This Article is From May 04, 2016

Syria Withholds Aid To Thousands, Risks New Siege In Aleppo: UN

Syria Withholds Aid To Thousands, Risks New Siege In Aleppo: UN

Civil defence members work at a site hit by an airstrike in the rebel held area of Aleppo's Baedeen district, Syria, May 3, 2016. (Reuters)

GENEVA: Syria's government is refusing UN demands to deliver aid to hundreds of thousands of people including many in Aleppo, the city at the centre of an eruption of fighting in the past two weeks, UN humanitarian adviser Jan Egeland said on Wednesday.

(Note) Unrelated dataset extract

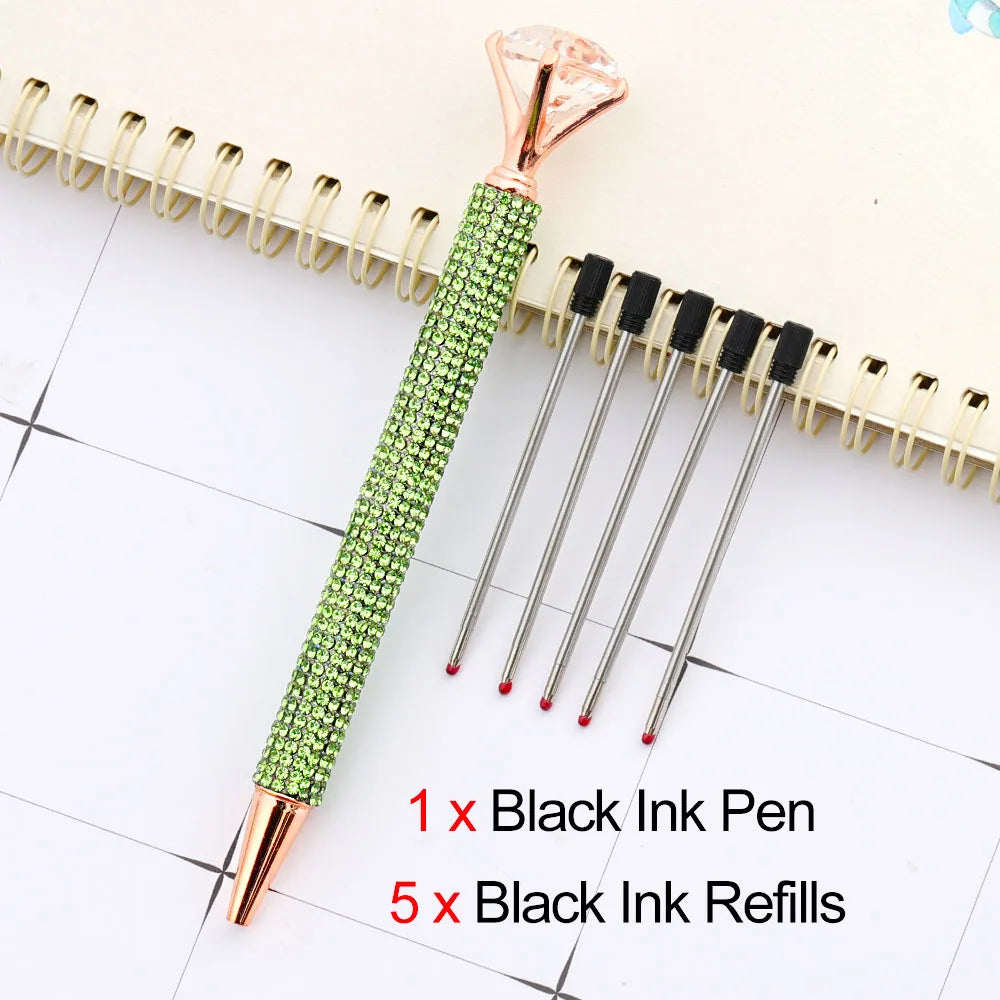 Lytwtw's Luxury Gold Ballpoint Pen Big Diamond Wedding Rose,Metal Stationery School Supplies  1 PCS Pen +5 PCS Refills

"We seem to be having new possible besieged areas on our watch, we are having hundreds of relief workers unable to move in Aleppo," he told reporters after chairing a weekly meeting of nations supporting the Syria peace process.

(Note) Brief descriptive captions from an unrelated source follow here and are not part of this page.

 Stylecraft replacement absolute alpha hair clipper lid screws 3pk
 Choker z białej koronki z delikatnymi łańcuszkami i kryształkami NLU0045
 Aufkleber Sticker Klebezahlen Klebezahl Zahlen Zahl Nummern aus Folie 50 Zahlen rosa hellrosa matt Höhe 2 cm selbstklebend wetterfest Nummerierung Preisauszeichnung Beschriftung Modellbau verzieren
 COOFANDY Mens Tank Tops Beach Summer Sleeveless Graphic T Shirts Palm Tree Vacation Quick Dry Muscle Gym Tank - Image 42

"It is a disgrace to see that while the population of Aleppo is bleeding, their options to flee have never been more difficult than now."

The first major ceasefire in Syria's five-year civil war, sponsored by the United States and Russia, was struck in February but has virtually collapsed in recent weeks, with Aleppo bearing the brunt of the renewed bloodshed.

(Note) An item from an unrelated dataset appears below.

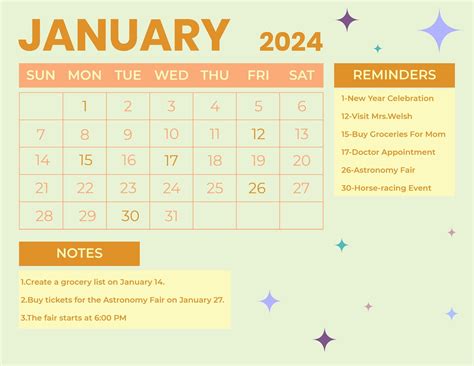 Colorful January 2023 Calendar In Psd Illustrator Word Download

The humanitarian task force chaired by Egeland enjoyed some success in opening up access for aid in April, ensuring it reached 40 percent of people in besieged areas in Syria, compared to 5 percent in the whole of 2015.

It has also overseen 22 airdrops of aid into the eastern city of Deir al-Zor, where 110,000 people are besieged by Islamic State insurgents, Egeland said, about half the previous estimate of 200,000 people trapped there.

But progress has stalled and requests to the Syrian government to greenlight aid convoys to six remaining besieged areas in May have largely fallen on deaf ears.

"We got an answer back that is not good news," Egeland said. "Half of the places in the May plan were not accepted, including east Aleppo." That part of the city is under rebel control.

President Bashar al-Assad's government put major conditions on aid to another 25 percent of the people the United Nations had hoped to help, Egeland said.

Among those getting a partial approval was the town of Daraya, where 4,000 people including 500 children are on "the brink of starvation". The government said baby milk and school supplies could go in, Egeland said.

"But to some extent it's an improvement - the government earlier said there were only terrorists in Daraya and they are now admitting there are children there."

The United Nations has appealed to Assad's government to change its mind and allow aid without conditions to all places that were refused or got only a partial green light, he said.